4.7. Storage¶

4.7.1. Description¶

The Storage is an object that is responsible for storing extracted features as computed from Marker step of the pipeline. If the pipeline is provided with a storage-like object, the extracted features are stored via that object else they are kept in memory.

Storage is meant to be used inside the DataGrabber context but you can operate on them outside the context as long as the processed data is in the memory and the Python runtime has not garbage-collected it.

The Markers are responsible for defining what storage kind (matrix, vector, timeseries, scalar_table) they support for which data type by overriding its get_output_type method. The storage object in turn declares and provides implementation for specific storage kind. For example, SQLiteFeatureStorage supports saving matrix, vector and timeseries via store_matrix, store_vector and store_timeseries methods respectively.

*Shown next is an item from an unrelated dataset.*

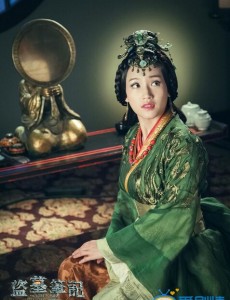 《盗墓笔记》曝光苏青古装剧照 唯美清新造型获好评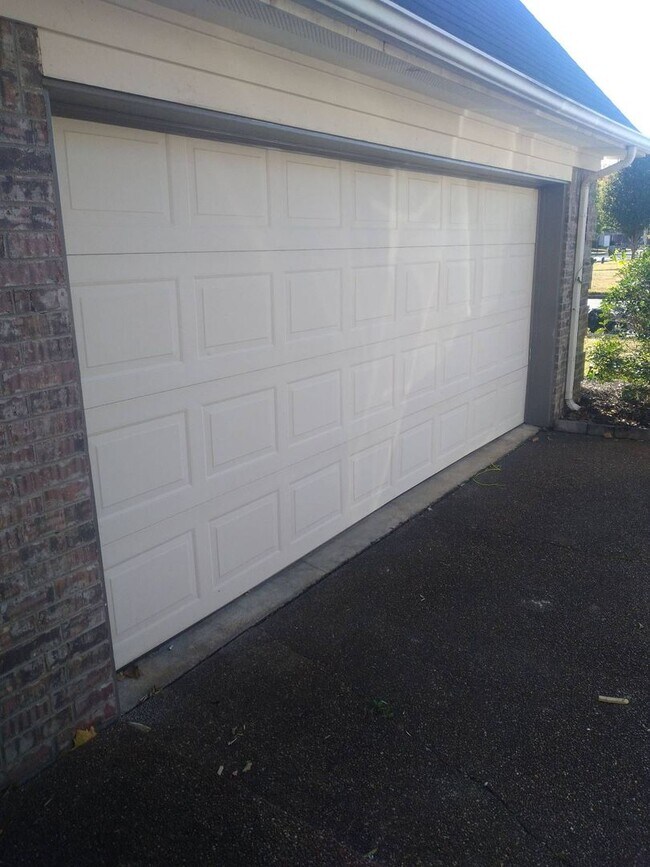Foto del edificio - 4 Success Realty is now offering this Ador...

For storage interfaces not supported by junifer yet, you can either make your own Storage by providing a concrete implementation of BaseFeatureStorage or open an issue on junifer Github and we can help you out.

4.7.2. Storage Types¶

Storage Type	Description	Options	Reference
`matrix`	A 2D square matrix with row and column names	`col_names`, `row_names`, `matrix_kind`, `diagonal` `row_header_col_name` (only for `HDF5FeatureStorage.store_matrix()`)	`BaseFeatureStorage.store_matrix()`
`vector`	A 1D row vector of values with column names	`col_names`	`BaseFeatureStorage.store_vector()`
`timeseries`	A 2D square or non-square matrix of scalar values with column names	`col_names`	`BaseFeatureStorage.store_timeseries()`
`scalar_table`	A 2D square or non-square matrix of scalar values with row name, column name and row header column name	`col_names`, `row_names`, `row_header_col_name`	`BaseFeatureStorage.store_scalar_table()`

4.7.3. Storage Interfaces¶

Storage class	File extension	File type	Storage kinds
`SQLiteFeatureStorage`	`.sqlite`	SQLite	`matrix`, `vector`, `timeseries`
`HDF5FeatureStorage`	`.hdf5`	HDF5	`matrix`, `vector`, `timeseries`, `scalar_table`